Tuesday, September 16, 2014

On encouraging research

Everyone agrees that research is often required before products can be brought to the marketplace, but there is vast disagreement regarding the way in which research should be encouraged.

Take this company, which has been in the news lately. This company began with a goal of researching a particular twentieth-century problem.

Personal Audio, Inc. was founded in 1996 with a mission of offering personalized audio to listeners over the Internet. The company worked to develop an audio player that could download, store and manipulate audio files to fulfill this mission.

So did this lead to the release of a Personal Audio player? Not exactly.

This system along with related ideas was described in several patent applications filed in October 1996. The Company’s system and patent application pioneered techniques now commonly used today in smartphones, tablets and other devices that store and play audio and video files that work with downloaded playlists, Other pioneering innovations included the uploading and distribution of episodic content such as podcasts and serialized television shows.

The Personal Audio patents issued starting in 1998. In 2009, Personal Audio, LLC was founded to market the innovations described in the patents and Robins, Kaplan, Miller & Ciresi L.L.P. was engaged to assert the patents against Apple Inc. and others. The complaint resulted in a jury trial in July 2011 and Apple was found to have infringed U.S. Patent 6,199,076.

Some people do not view Personal Audio's efforts as a good thing. Here's how a TechDirt writer describes the company:

Personal Audio, the patent troll that ridiculously pretended to own a patent on "podcasting"...

Only one problem with TechDirt's "pretended" characterization - the courts don't agree.

Personal Audio LLC sued the [CBS] television network last year, alleging that its patented "system for disseminating media content" in sequenced episodes was infringed upon when CBS started posting podcasts online of television shows like "60 Minutes" and "Face the Nation."...

A jury on Monday rejected claims by the network that Personal Audio's patent claims are invalid.

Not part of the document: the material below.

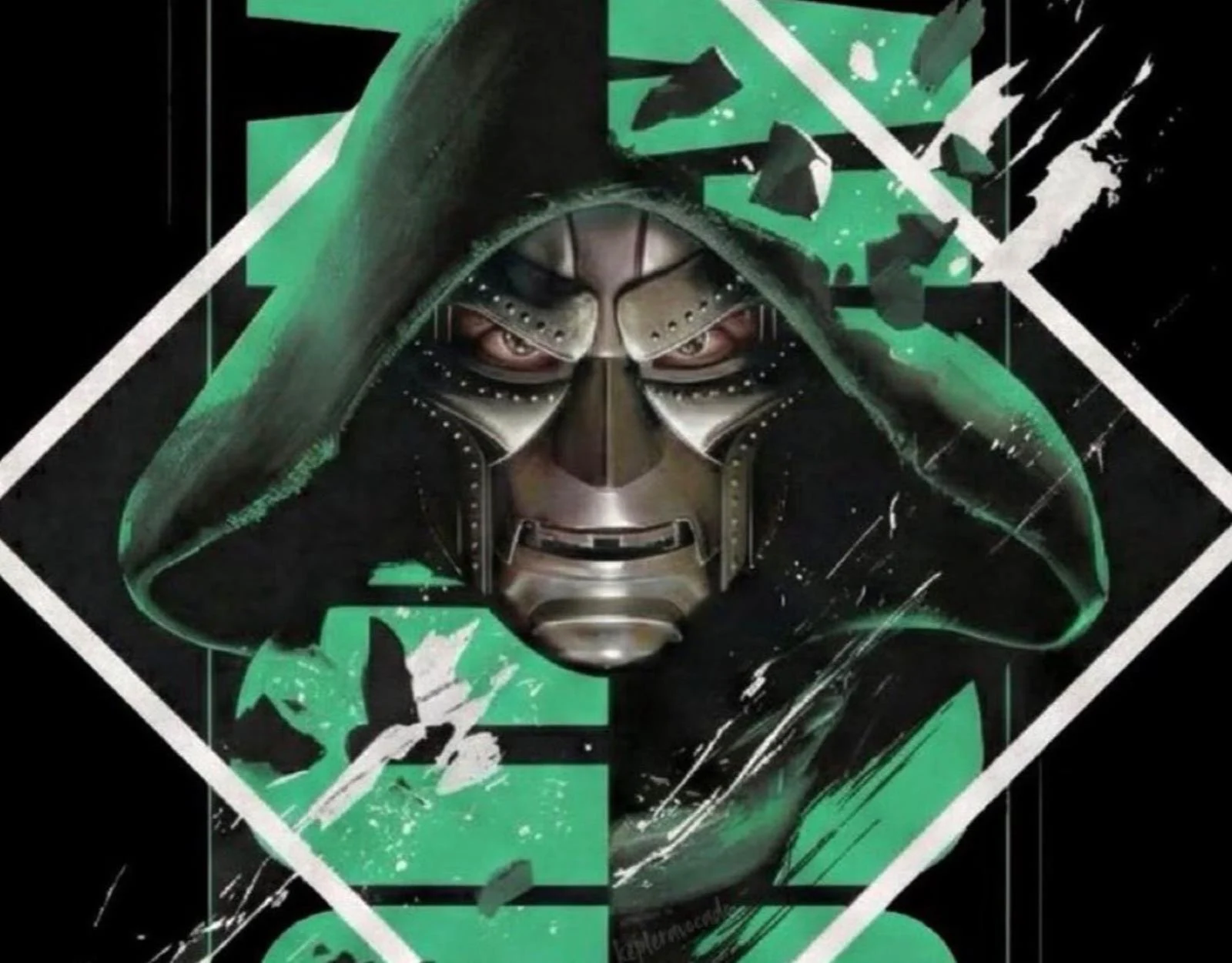 Avengers: Doomsday Doctor Doom LEGO Minifig révélé alors que des rumeurs de fuites majeures émergent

Now TechDirt and the Electronic Frontier Foundation and others (presumably including CBS) believe that patent law should be modified to prevent abuses by patent trolls. And there have been bills in Congress to reform patents, but none of them has passed. Why not?

Ron Eritano, director of federal affairs for The Normandy Group, a Washington lobbying firm, has been working with a variety of clients for the passage of a patent-troll bill. Eritano said the most outspoken opponents of the bill have been the bio-pharma companies, which hold large patent portfolios and like the laws governing patents the way they are.

"They've utilized the system for a long time, and it's worked very well for them, particularly as it relates to interactions with generic drug makers," said Eritano.

Other industries and companies with large patent portfolios...have lined up against the bill, too. Universities are worried that their research and development efforts could be hindered....

Trial lawyers have come out against the reform, and particularly against fee shifting, which would make it easier to collect legal fees if the target of a patent-troll lawsuit demonstrates there was no patent infringement.

It's not often that you get trial lawyers and universities and large companies on the same side of an issue, but patent reform appears to have done it.

One can ask the question - isn't a large company or university worried that a patent troll will go after them?

Presumably, these institutions believe that they can lawyer up to outlast any patent troll.

So despite the wishes of the self-enthroned Defenders of All Freedom, patents won't change any time soon.